_COLLECTED MATERIAL_
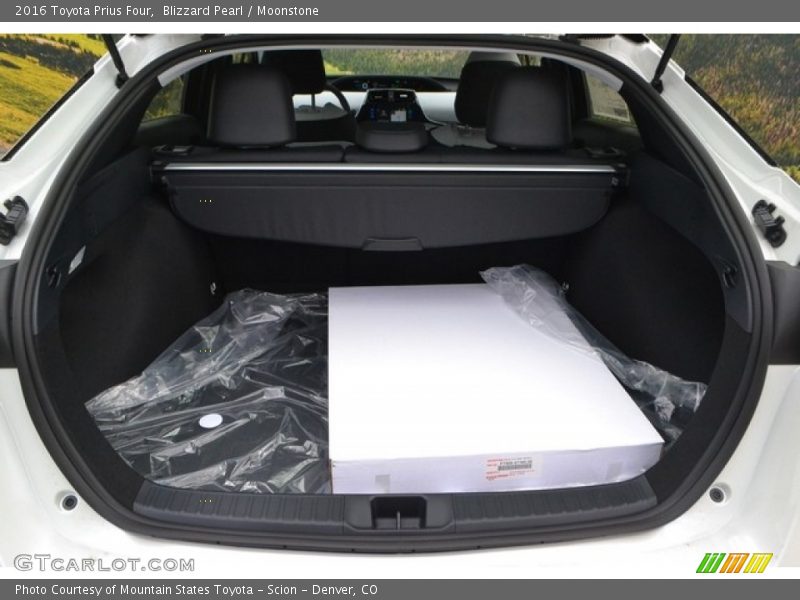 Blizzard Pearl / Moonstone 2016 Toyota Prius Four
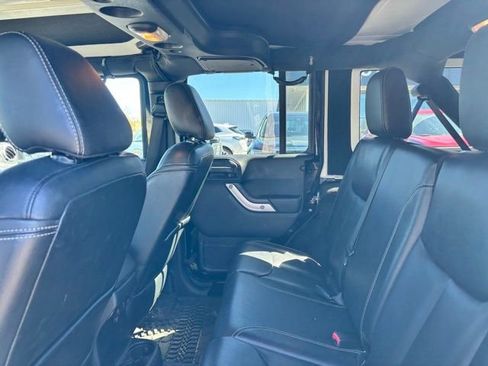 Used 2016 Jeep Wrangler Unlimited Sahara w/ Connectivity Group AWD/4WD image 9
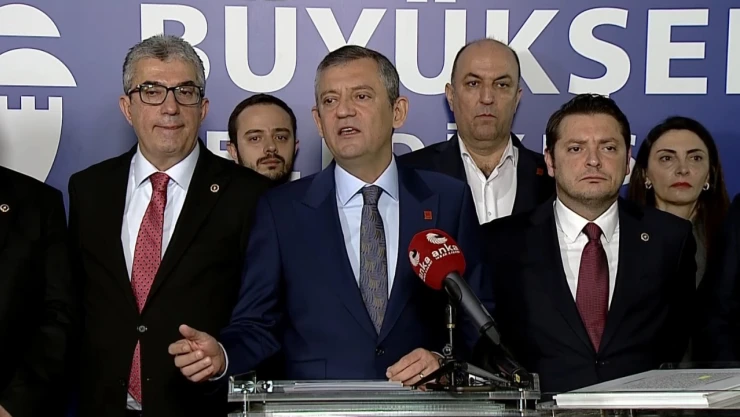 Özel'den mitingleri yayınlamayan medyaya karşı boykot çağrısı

_ACTIVITY_
The copy must match the listing above exactly, except that it holds no pictures.

_REPLY_
 Blizzard Pearl / Moonstone 2016 Toyota Prius Four
 Used 2016 Jeep Wrangler Unlimited Sahara w/ Connectivity Group AWD/4WD image 9
 Özel'den mitingleri yayınlamayan medyaya karşı boykot çağrısı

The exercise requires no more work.